* _WHAT YOU SHOULD DO_
Lines from the line with "いちにちいちたぬきーほるだー" to the line with "Used 2025 MAZDA" in the entries below, and only those, must be output exactly, with both ends included.
-- Opening Marker --
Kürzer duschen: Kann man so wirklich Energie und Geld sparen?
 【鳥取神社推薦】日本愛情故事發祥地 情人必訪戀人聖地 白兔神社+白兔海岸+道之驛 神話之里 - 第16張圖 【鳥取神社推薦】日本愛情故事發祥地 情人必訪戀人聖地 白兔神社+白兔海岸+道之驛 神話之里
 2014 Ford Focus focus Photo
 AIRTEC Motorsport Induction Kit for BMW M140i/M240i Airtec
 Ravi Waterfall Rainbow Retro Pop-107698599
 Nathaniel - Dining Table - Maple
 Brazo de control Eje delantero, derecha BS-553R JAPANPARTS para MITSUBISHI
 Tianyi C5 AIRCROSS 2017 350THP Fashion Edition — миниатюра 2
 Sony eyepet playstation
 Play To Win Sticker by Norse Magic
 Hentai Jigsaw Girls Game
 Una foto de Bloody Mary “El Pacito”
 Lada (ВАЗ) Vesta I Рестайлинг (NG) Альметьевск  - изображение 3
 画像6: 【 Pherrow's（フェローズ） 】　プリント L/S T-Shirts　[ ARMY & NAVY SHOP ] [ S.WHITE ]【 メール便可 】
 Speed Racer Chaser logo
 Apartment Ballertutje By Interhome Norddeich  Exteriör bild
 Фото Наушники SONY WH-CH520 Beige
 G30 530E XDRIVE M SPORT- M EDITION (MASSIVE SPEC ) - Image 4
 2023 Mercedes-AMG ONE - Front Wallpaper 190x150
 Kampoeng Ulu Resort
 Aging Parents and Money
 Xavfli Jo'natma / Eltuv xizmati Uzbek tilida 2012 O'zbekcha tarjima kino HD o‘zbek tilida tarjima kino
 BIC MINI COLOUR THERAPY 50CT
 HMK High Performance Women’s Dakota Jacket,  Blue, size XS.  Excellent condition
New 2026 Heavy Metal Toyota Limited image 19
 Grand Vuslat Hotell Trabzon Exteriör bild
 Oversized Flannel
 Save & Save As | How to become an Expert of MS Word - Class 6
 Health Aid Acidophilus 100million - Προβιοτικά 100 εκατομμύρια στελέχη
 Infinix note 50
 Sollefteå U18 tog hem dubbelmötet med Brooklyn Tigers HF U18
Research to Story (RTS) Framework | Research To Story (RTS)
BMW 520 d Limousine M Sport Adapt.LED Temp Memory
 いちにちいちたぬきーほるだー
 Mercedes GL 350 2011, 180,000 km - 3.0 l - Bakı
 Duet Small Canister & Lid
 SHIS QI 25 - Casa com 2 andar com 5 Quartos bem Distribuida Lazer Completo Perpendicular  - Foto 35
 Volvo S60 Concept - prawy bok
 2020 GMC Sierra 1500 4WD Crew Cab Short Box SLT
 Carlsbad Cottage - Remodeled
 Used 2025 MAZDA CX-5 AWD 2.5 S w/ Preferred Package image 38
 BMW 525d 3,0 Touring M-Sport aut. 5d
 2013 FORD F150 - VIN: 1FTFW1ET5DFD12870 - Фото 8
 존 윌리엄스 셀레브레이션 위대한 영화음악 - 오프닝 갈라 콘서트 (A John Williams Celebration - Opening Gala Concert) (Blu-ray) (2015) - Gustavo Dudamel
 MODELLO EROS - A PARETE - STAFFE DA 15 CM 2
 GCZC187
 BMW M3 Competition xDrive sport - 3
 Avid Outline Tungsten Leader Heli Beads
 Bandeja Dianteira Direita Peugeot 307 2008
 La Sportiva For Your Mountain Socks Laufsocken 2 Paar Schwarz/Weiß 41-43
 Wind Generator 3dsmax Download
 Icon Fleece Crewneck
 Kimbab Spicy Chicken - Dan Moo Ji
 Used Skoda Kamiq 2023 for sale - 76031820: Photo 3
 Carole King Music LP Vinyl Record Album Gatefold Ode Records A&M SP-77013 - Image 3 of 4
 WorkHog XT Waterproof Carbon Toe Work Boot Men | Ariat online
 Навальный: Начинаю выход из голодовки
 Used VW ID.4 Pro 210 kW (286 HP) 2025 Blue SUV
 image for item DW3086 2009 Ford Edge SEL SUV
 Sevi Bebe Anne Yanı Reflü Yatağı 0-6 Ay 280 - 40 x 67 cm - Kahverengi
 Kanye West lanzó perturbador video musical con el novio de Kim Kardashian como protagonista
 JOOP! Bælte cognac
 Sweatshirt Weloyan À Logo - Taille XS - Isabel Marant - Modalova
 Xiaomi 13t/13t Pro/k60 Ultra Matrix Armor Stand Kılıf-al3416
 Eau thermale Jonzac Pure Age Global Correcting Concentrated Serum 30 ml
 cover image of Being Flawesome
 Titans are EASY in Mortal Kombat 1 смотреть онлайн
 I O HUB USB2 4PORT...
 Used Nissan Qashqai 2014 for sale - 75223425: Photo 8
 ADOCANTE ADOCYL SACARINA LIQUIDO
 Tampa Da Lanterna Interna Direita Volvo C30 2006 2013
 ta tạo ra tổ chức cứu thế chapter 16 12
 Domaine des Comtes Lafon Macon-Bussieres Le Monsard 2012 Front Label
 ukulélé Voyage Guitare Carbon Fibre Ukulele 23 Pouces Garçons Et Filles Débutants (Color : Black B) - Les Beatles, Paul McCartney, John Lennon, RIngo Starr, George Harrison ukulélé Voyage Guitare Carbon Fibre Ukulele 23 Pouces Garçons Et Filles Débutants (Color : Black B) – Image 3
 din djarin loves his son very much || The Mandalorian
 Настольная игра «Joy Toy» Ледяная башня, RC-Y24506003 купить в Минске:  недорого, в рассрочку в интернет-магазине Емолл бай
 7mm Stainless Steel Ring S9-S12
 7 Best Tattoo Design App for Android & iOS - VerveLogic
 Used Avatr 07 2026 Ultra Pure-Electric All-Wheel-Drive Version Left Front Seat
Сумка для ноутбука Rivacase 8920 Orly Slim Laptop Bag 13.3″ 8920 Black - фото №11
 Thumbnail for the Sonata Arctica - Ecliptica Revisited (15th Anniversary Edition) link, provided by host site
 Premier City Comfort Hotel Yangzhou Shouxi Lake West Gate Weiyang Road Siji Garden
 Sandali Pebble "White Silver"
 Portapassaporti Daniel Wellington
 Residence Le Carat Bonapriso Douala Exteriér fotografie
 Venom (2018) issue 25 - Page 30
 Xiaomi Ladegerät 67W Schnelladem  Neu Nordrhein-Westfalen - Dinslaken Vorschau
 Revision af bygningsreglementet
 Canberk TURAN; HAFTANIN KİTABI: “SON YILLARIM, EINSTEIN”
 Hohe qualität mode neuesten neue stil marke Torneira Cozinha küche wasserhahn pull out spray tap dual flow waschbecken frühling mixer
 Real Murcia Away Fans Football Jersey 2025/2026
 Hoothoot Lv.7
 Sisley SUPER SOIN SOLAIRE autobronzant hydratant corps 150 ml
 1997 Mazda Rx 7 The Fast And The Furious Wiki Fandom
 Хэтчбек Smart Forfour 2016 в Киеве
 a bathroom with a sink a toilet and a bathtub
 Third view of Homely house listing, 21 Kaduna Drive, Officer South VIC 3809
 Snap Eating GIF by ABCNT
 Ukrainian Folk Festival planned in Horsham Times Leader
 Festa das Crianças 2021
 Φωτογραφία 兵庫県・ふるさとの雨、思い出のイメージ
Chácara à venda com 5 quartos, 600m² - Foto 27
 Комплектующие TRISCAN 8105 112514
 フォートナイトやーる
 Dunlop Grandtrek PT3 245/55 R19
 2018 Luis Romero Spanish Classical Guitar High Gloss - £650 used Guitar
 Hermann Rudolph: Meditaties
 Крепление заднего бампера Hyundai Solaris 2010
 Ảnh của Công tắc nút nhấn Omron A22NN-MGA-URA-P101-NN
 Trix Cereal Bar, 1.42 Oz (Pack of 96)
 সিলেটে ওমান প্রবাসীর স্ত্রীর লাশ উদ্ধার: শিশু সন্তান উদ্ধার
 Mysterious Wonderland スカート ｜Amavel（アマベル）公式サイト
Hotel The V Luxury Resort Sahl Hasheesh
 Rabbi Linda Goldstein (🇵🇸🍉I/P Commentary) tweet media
-- Closing Marker --
* _ANSWER TO THE PROBLEM_
 いちにちいちたぬきーほるだー
 Mercedes GL 350 2011, 180,000 km - 3.0 l - Bakı
 Duet Small Canister & Lid
 SHIS QI 25 - Casa com 2 andar com 5 Quartos bem Distribuida Lazer Completo Perpendicular  - Foto 35
 Volvo S60 Concept - prawy bok
 2020 GMC Sierra 1500 4WD Crew Cab Short Box SLT
 Carlsbad Cottage - Remodeled
 Used 2025 MAZDA CX-5 AWD 2.5 S w/ Preferred Package image 38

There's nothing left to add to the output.